À La Passerelle, un jeune public et une table-ronde pour s’attaquer au « poids des normes » liées au genre
« Norman, c’est normal à une lettre près ». Le spectacle entend se moquer des conformismes en mobilisant davantage les ressorts de l’humour et de la joie que ceux du militantisme. La mise en scène pop, tonique et colorée pourrait d’ailleurs bien saisir les spectateurs au point de leur donner une furieuse envie de danser. Ce jeune public proposé à La Passerelle, outre les trois représentations scolaires, sera également donné en public les mercredi 20 et samedi 23 novembre.
Norman, c’est un petit garçon comme les autres, à ceci près qu’il aime porter des robes tournicotantes. Et ses parents l’acceptent tant bien que mal. Un jour, ils l’autorisent à se rendre à l’école dans sa tenue favorite. Mais les moqueries et les insultes vont vite ternir sa joie. À l’origine de ce scénario, il y a un fait réel qui a marqué Clément Thirion, le metteur en scène.

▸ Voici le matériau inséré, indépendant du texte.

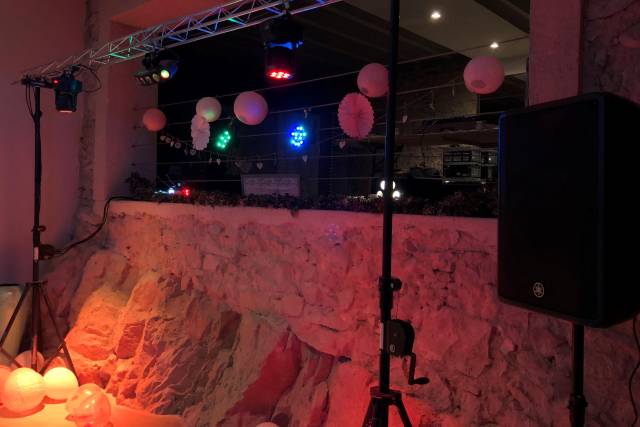 S'adapte à vos projets et lieu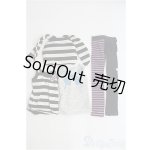 画像: 40cmサイズドール/OF:衣装 I-25-08-24-169-KD-ZI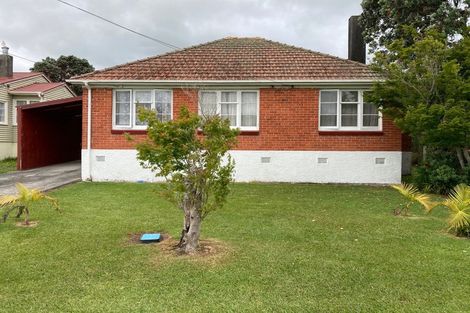 Photo of property in 36 Plunket Street, Dargaville, 0310
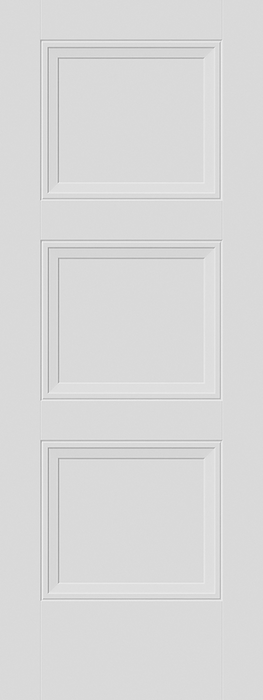 Livingston Hollow Core Door Only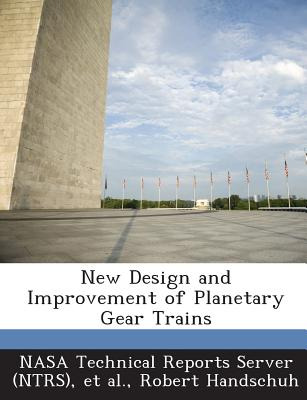 Libro New Design And Improvement Of Planetary Gear Trains...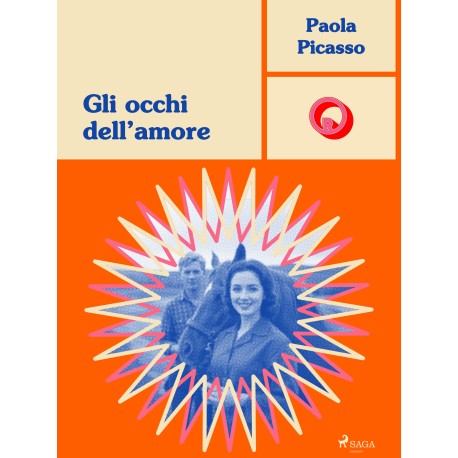 Gli occhi dell’amore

En Allemagne, un père avait décidé de porter des robes en solidarité avec son fils qui voulait porter des robes pour aller à l’école. Cela se passait à Berlin, avant qu’ils ne déménagent dans une autre ville. Ce que j’ai aimé, c’est que plutôt que ce soit le fils qui se conforme à ce qu’on attend de lui, c’est le père qui a fait un pas vers lui en mettant des robes.
Une pièce, de théâtre avant tout, mais qui accorde cependant un rôle particulier à la danse, explique Clément Thirion.
C’est vraiment une histoire qui se raconte avec du texte, qui a été écrit par Marie Henry, dans lequel s’insèrent des moments dansés qui sont inclus dans le texte et dans l’histoire et dans la narration. Et c’est en cela que c’est entre guillemet « hybride », parce que la danse a vraiment une dimension dramaturgique, elle n’est pas juste là pour illustrer, égayer. La danse raconte quelque chose qui est inclus dans l’histoire. Elle exprime des points de vue un peu différents du texte. Par exemple, à un moment donné, on voit le point de vue des institutrices sur Norman, lors de la préparation de la fête de fin d’année, où elles sont un petit peu revêches et puis tout d’un coup il y a de la musique, elles se mettent à danser et on comprend qu’en fait c’est elle qui s’éclatent sur la musique et veulent s’amuser. C’est l’un des exemples où la danse vient raconter quelque chose en plus que le texte.
Avec cette pièce, Clément Thirion espère contribuer à son échelle à relativiser les normes en place, notamment sur les questions liées au genre, plutôt qu’à en créer de nouvelles.
En changeant une norme, on remplace juste une norme par une autre. J’ai l’impression, et là je dis ça avec des pincettes, qu’on a besoin d’un cadre, de valeurs, de points de repères… j’estime que c’est peut-être normal. Et encore, c’est un point d’interrogation. En tout cas, il faut en effet questionner cette norme, ces repères, ce cadre et se dire que ceux qui n’y sont pas ne sont pas des OVNI mais des personnes avec d’autres repères, d’autres envies, d’autres cadres. Je crois que si on pouvait considérer le monde et la différence avec curiosité plutôt que rejet, l’on ferait par contre un grand pas.
En lien avec « Norman » et « Discussion avec DS », La Passerelle organise une table ronde sur la question des stéréotypes de genre et comment les regards dans leur diversité participent de leur déconstruction, à travers le spectacle vivant, le cinéma, la littérature… mardi 26 novembre à 18h30 à l’entresort du théâtre en entrée libre. Elle sera coanimée par le directeur de La Passerelle Christian Lalos et la déléguée départementale aux droits des femmes et à l’égalité entre les femmes et les hommes des Hautes-Alpes Joanna Della Rosa, avec pour invités : Léa Djeziri, autrice de bande dessinée et illustratrice pour la jeunesse et la presse ; Lucie Geffroy, cofondatrice et corédactrice en chef du journal La Déferlante ; Océane Perona, autrice ; Raphaëlle Rousseau, comédienne et autrice ; Clément Thirion, metteur en scène.